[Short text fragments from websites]
>>>>

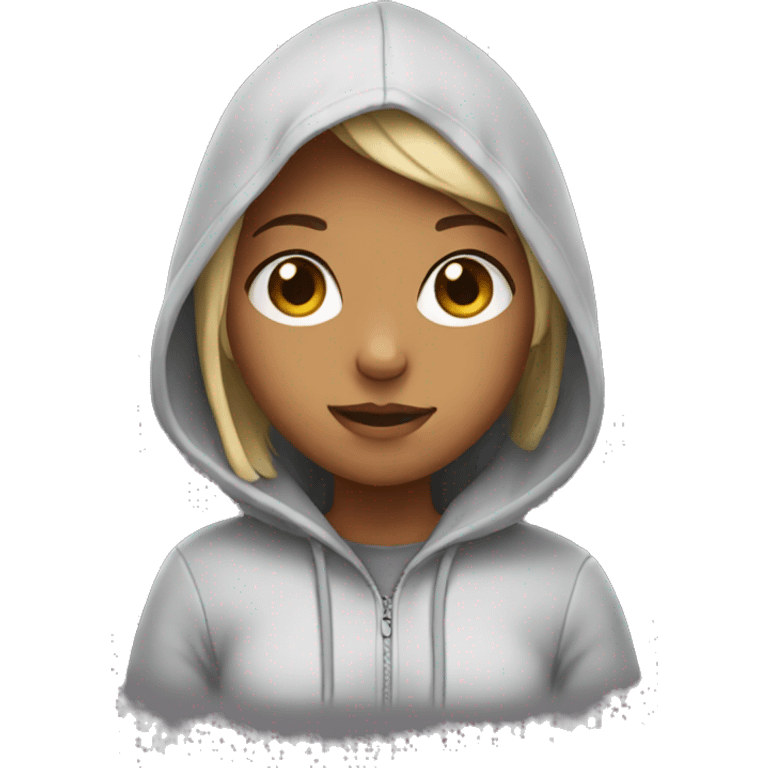 Girl wearing hoodie emoji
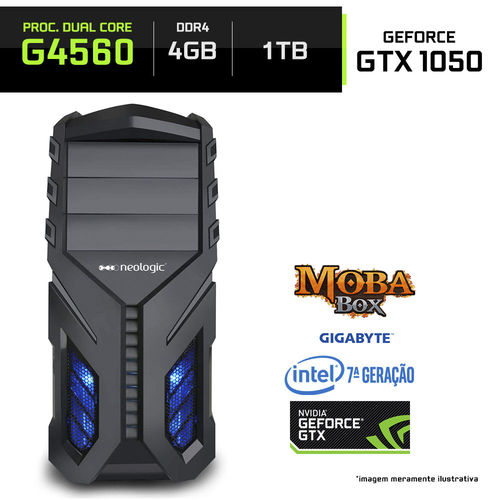 Computador Gamer Neologic Moba Box Dual Core G4560 7ª Geração 4GB (Gtx 1050 2GB) 1TB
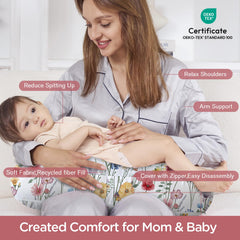 Side view of Little Grape Land nursing pillow showing wide cushion for stability.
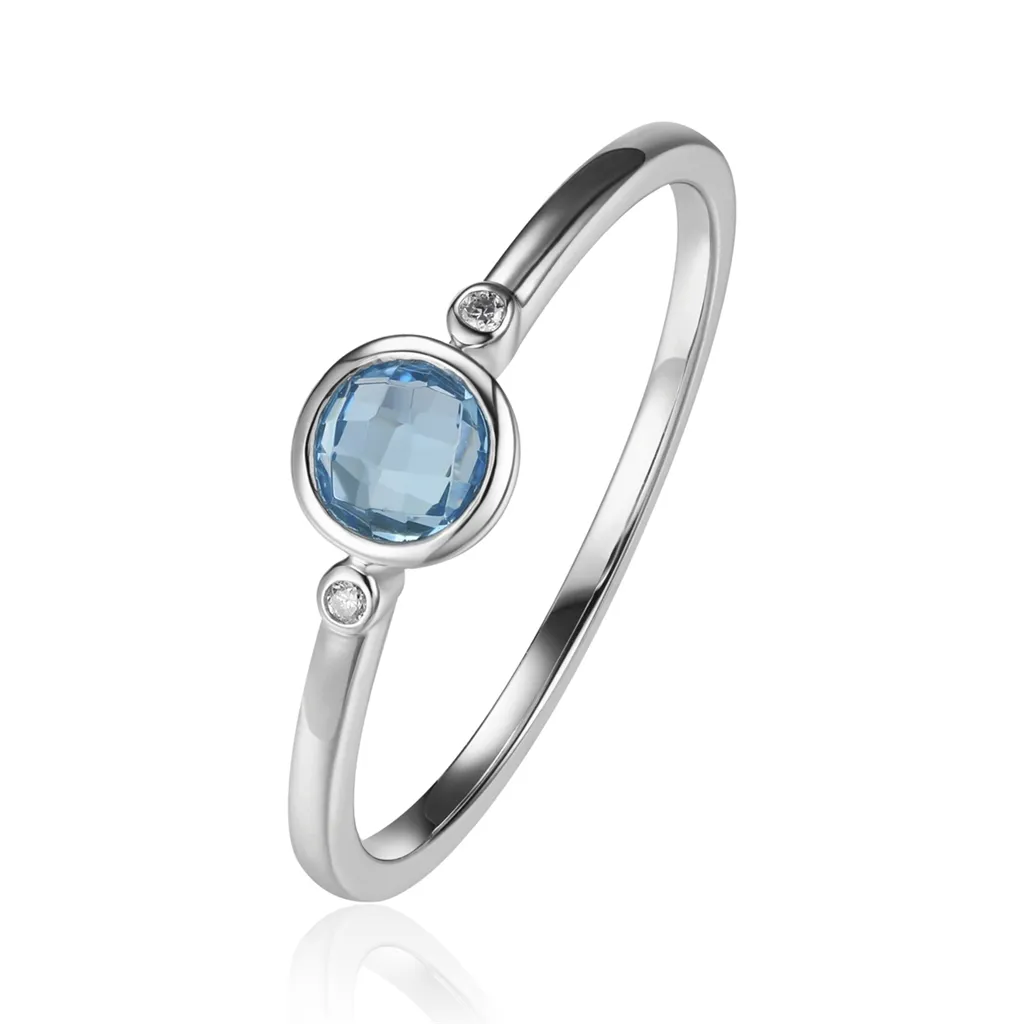 14K White Gold Blue Topaz And Diamond Stackable Ring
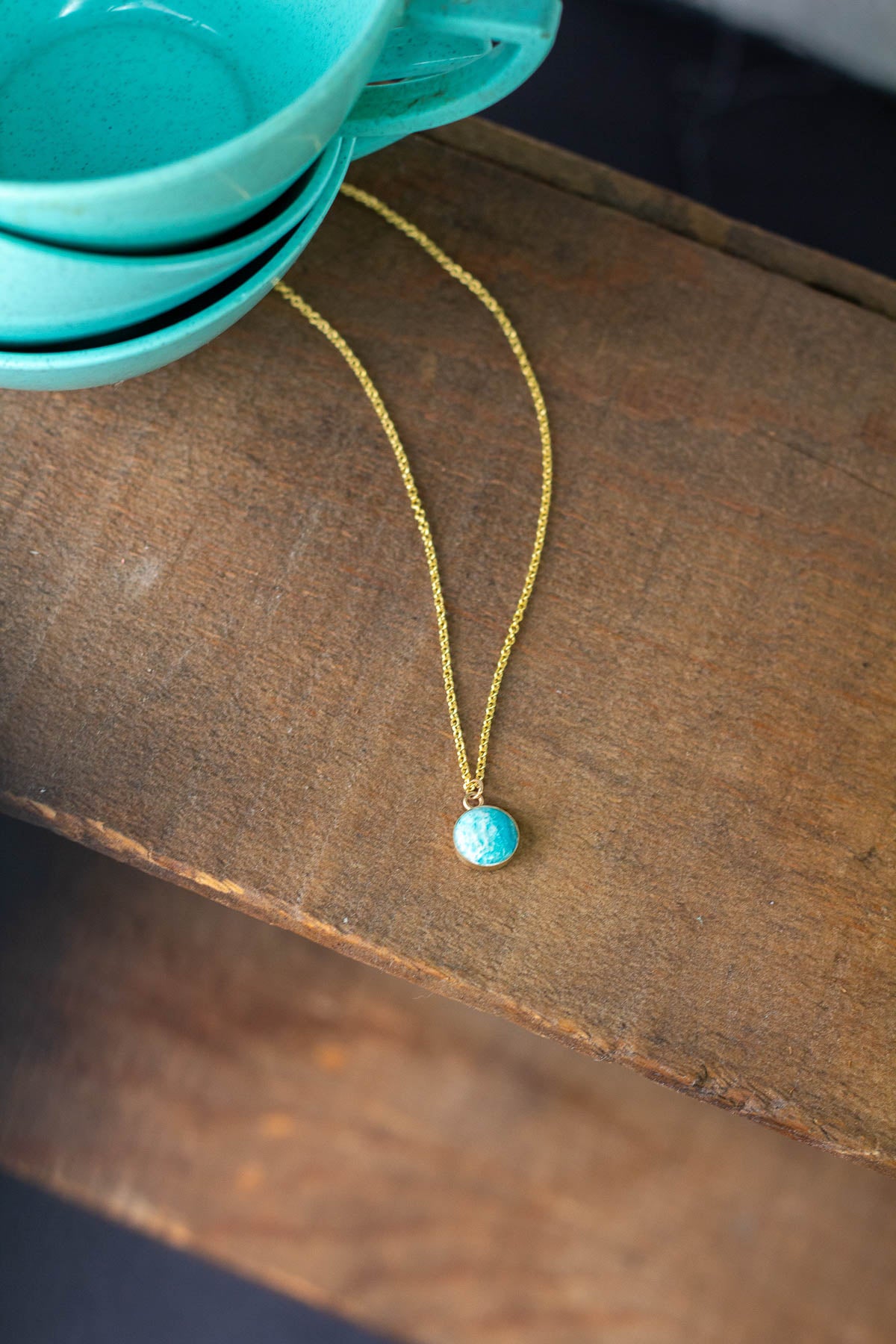 Mini Compass Necklace with Your Stone | Gold
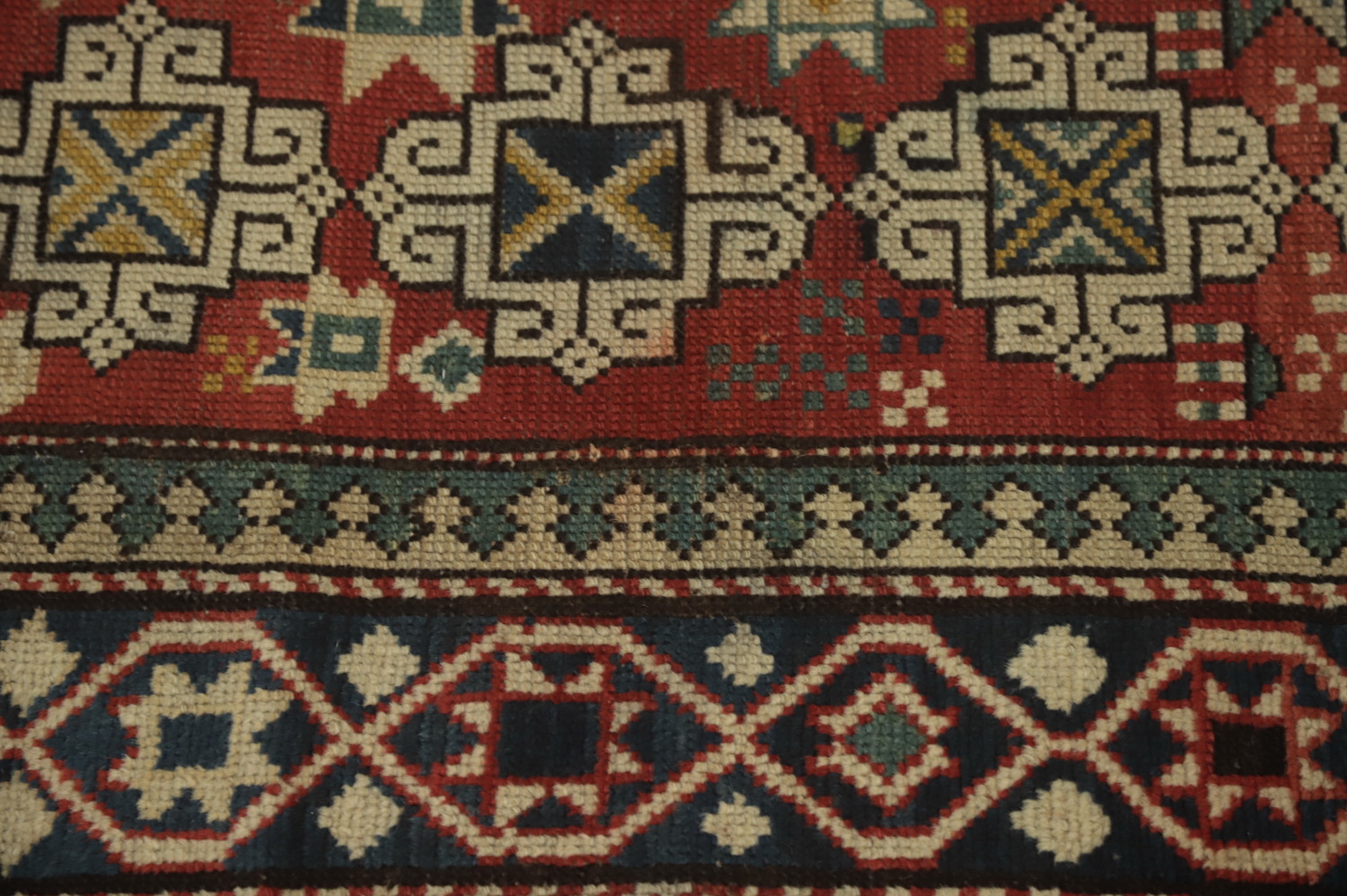 Pre-1900 Antique Vegetable Dye Kazak Oriental Rug 3x4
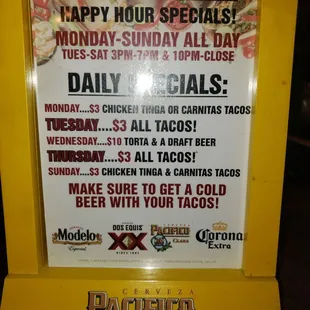 Happy hour and Daily Specials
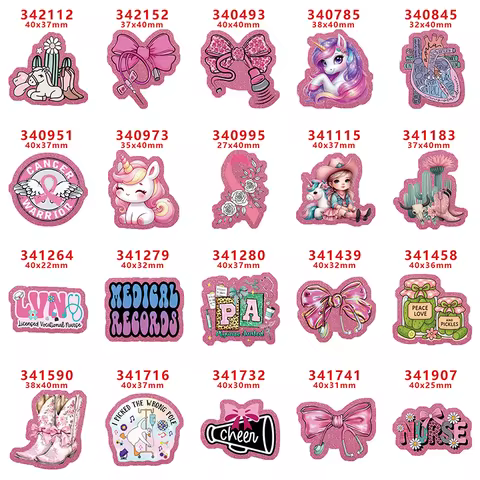 10 Pcs PINK Glitter Acrylic Charms Planar Resin Flatback For DIY Hairbow Accessory Decoration MF06-3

<<<<

**YOUR INSTRUCTIONS**.
Every line above is to be duplicated exactly; no picture should be carried over.

**WORKED SOLUTION**.
 Girl wearing hoodie emoji
 Computador Gamer Neologic Moba Box Dual Core G4560 7ª Geração 4GB (Gtx 1050 2GB) 1TB
 Side view of Little Grape Land nursing pillow showing wide cushion for stability.
 14K White Gold Blue Topaz And Diamond Stackable Ring
 Mini Compass Necklace with Your Stone | Gold
 Pre-1900 Antique Vegetable Dye Kazak Oriental Rug 3x4
 Happy hour and Daily Specials
 10 Pcs PINK Glitter Acrylic Charms Planar Resin Flatback For DIY Hairbow Accessory Decoration MF06-3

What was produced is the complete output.